Exercise aim
Nothing but the lines from the one with "Direktur Digital Banking" through the end of the records may appear in the answer, each reproduced exactly, pictures omitted.

Recorded data:
⁂
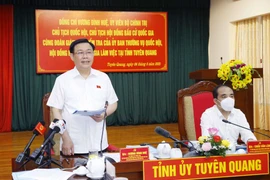 Chủ tịch Quốc hội Vương Đình Huệ phát biểu tại buổi làm việc với Ủy ban bầu cử tỉnh Tuyên Quang. (Ảnh: Doãn Tấn/TTXVN) 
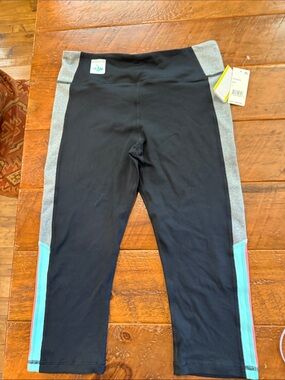 Wonen’s Trina Turk Colorblock Active Crop Leggings - Black & Gray with Aqua Trim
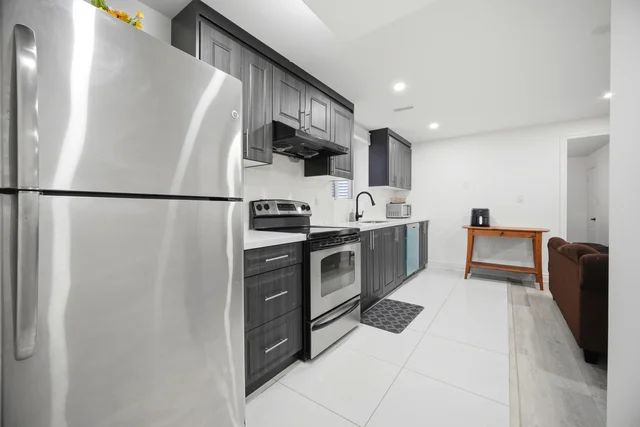 145 Adventura Road, Brampton - photo 44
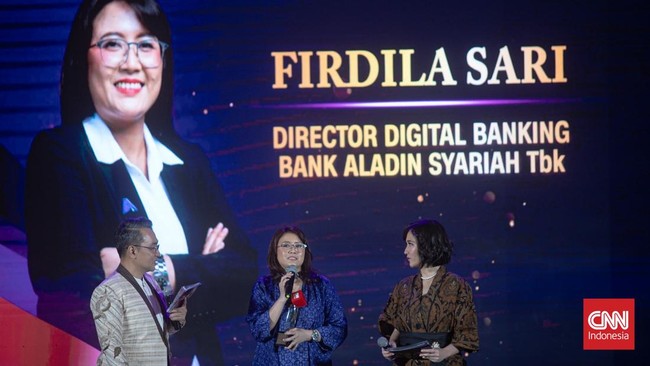 Direktur Digital Banking Bank Aladin Syariah, Firdila Sari, meraih penghargaan Outstanding Woman in Financial Literacy di Indonesia Leading Woman Awards 2025.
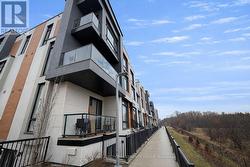 714 - 5 STECKLEY HOUSE LANE Richmond Hill, ON L4S 1M4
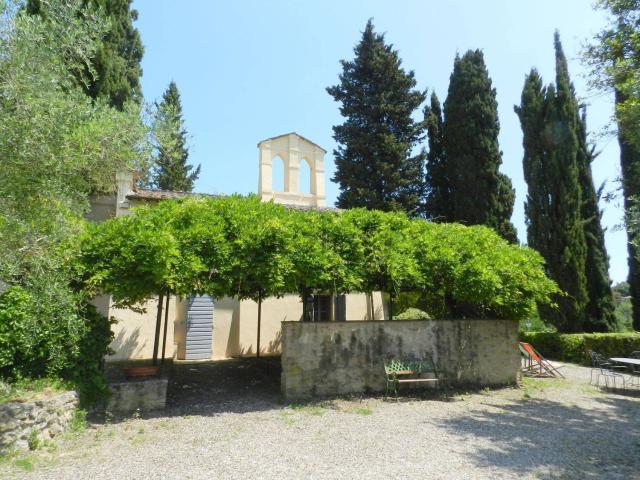 Case e ville in vendita di 487 m² in Via Esterna di Fontebranda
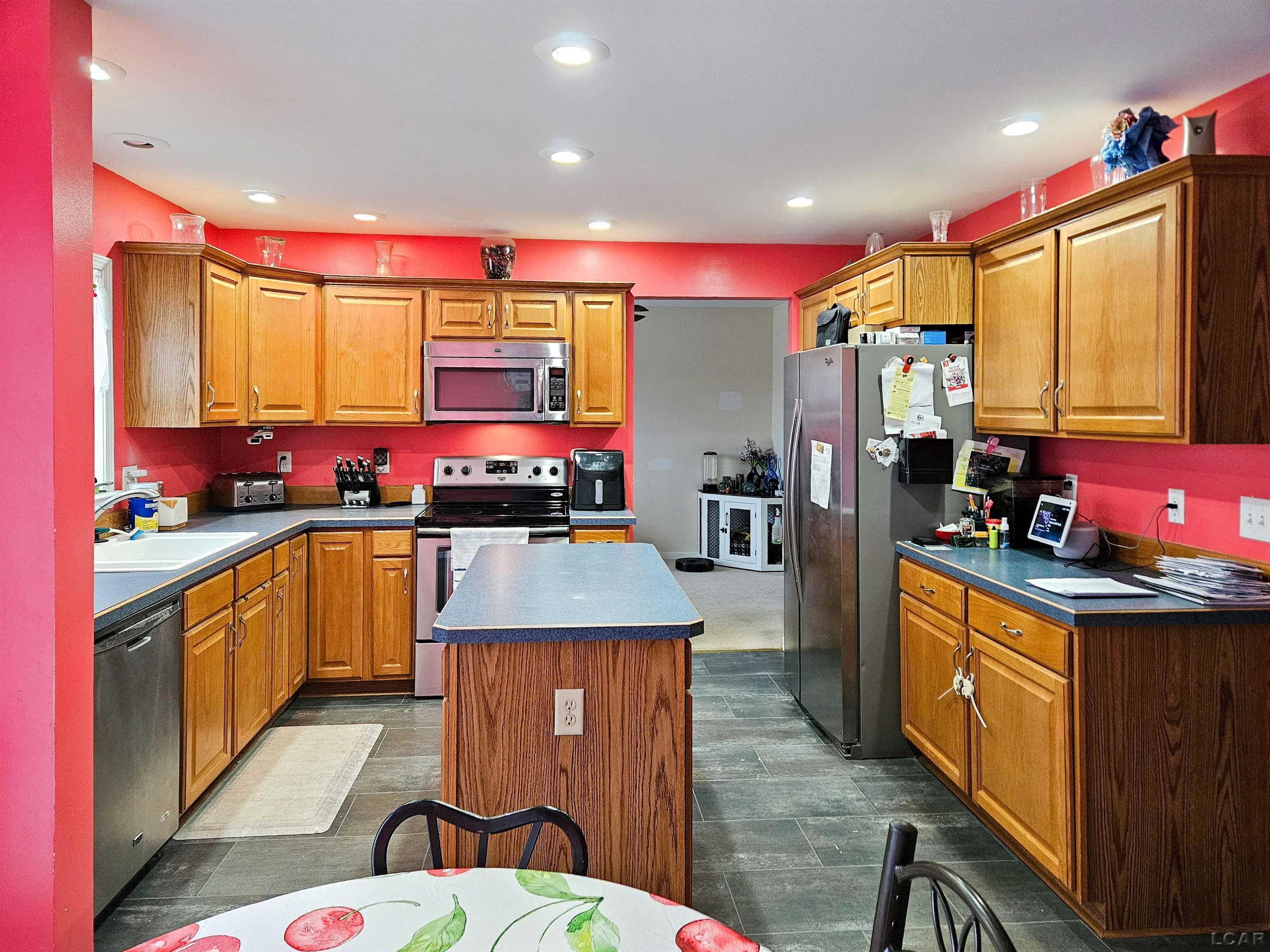 560 State Street, Hudson, MI, 49247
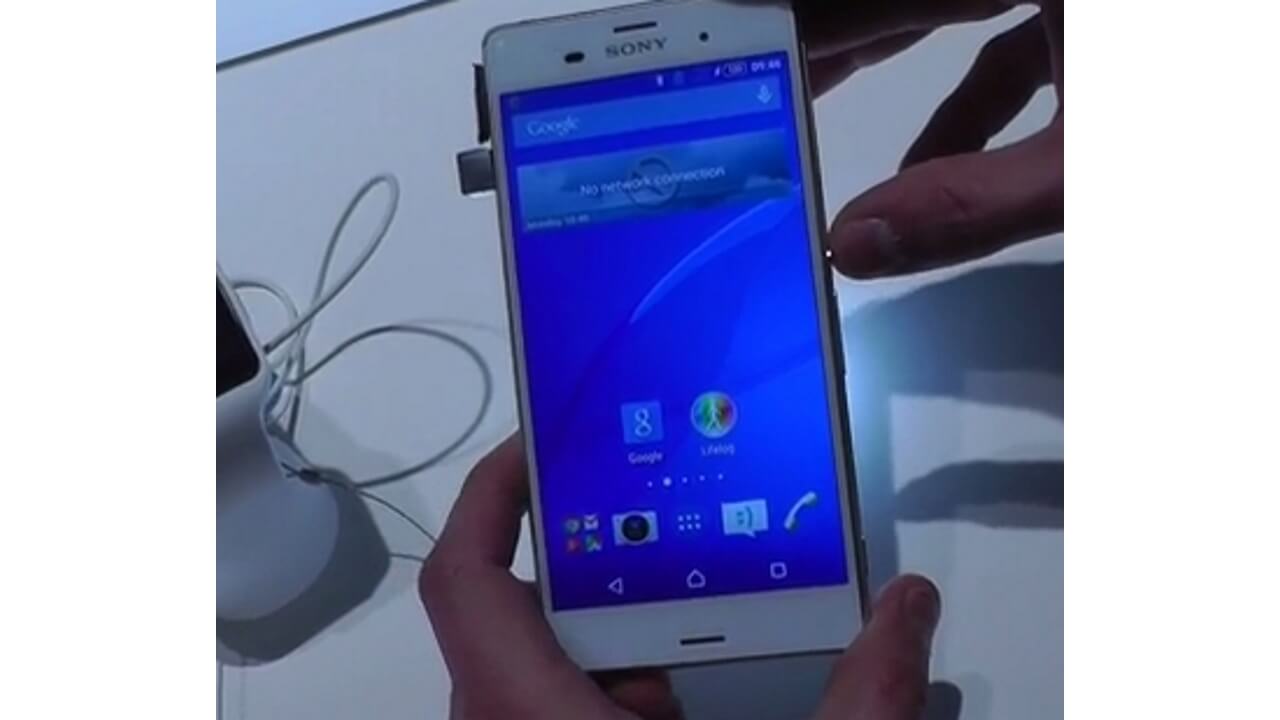 Android 5.0.2搭載「Xperia Z3」がMWC 2015会場で展示中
⁂
Expected output
 Direktur Digital Banking Bank Aladin Syariah, Firdila Sari, meraih penghargaan Outstanding Woman in Financial Literacy di Indonesia Leading Woman Awards 2025.
 714 - 5 STECKLEY HOUSE LANE Richmond Hill, ON L4S 1M4
 Case e ville in vendita di 487 m² in Via Esterna di Fontebranda
 560 State Street, Hudson, MI, 49247
 Android 5.0.2搭載「Xperia Z3」がMWC 2015会場で展示中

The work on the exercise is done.